* Problem to solve *
Begin at the top of the records and copy each line exactly. The line containing "ALMA SILK POLKA DOT TIE NECK BLOUSE" is the last one to include.

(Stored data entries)
______
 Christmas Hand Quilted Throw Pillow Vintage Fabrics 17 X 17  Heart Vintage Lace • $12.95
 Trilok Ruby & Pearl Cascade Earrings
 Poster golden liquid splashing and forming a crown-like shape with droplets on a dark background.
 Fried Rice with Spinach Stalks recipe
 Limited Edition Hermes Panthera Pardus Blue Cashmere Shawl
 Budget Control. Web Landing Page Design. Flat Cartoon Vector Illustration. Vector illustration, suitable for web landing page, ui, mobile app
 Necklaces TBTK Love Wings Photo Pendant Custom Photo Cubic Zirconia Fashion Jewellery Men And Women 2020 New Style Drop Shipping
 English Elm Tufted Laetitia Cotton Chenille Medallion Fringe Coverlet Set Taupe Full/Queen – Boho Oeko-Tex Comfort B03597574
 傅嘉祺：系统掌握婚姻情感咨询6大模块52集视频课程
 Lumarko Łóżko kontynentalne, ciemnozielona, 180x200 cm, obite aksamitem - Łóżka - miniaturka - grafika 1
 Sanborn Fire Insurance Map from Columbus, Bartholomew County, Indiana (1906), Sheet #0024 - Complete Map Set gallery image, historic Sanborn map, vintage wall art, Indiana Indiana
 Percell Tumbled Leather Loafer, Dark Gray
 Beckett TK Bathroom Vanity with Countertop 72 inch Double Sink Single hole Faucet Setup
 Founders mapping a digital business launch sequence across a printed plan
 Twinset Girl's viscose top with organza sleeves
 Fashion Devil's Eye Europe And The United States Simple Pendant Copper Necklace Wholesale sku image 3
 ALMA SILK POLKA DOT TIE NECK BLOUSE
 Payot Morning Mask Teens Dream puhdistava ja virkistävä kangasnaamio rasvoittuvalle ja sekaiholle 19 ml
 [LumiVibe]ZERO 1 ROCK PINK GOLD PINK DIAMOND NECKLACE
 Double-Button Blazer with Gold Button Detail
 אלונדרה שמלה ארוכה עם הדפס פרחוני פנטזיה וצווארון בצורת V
______
* Problem solution *
 Christmas Hand Quilted Throw Pillow Vintage Fabrics 17 X 17  Heart Vintage Lace • $12.95
 Trilok Ruby & Pearl Cascade Earrings
 Poster golden liquid splashing and forming a crown-like shape with droplets on a dark background.
 Fried Rice with Spinach Stalks recipe
 Limited Edition Hermes Panthera Pardus Blue Cashmere Shawl
 Budget Control. Web Landing Page Design. Flat Cartoon Vector Illustration. Vector illustration, suitable for web landing page, ui, mobile app
 Necklaces TBTK Love Wings Photo Pendant Custom Photo Cubic Zirconia Fashion Jewellery Men And Women 2020 New Style Drop Shipping
 English Elm Tufted Laetitia Cotton Chenille Medallion Fringe Coverlet Set Taupe Full/Queen – Boho Oeko-Tex Comfort B03597574
 傅嘉祺：系统掌握婚姻情感咨询6大模块52集视频课程
 Lumarko Łóżko kontynentalne, ciemnozielona, 180x200 cm, obite aksamitem - Łóżka - miniaturka - grafika 1
 Sanborn Fire Insurance Map from Columbus, Bartholomew County, Indiana (1906), Sheet #0024 - Complete Map Set gallery image, historic Sanborn map, vintage wall art, Indiana Indiana
 Percell Tumbled Leather Loafer, Dark Gray
 Beckett TK Bathroom Vanity with Countertop 72 inch Double Sink Single hole Faucet Setup
 Founders mapping a digital business launch sequence across a printed plan
 Twinset Girl's viscose top with organza sleeves
 Fashion Devil's Eye Europe And The United States Simple Pendant Copper Necklace Wholesale sku image 3
 ALMA SILK POLKA DOT TIE NECK BLOUSE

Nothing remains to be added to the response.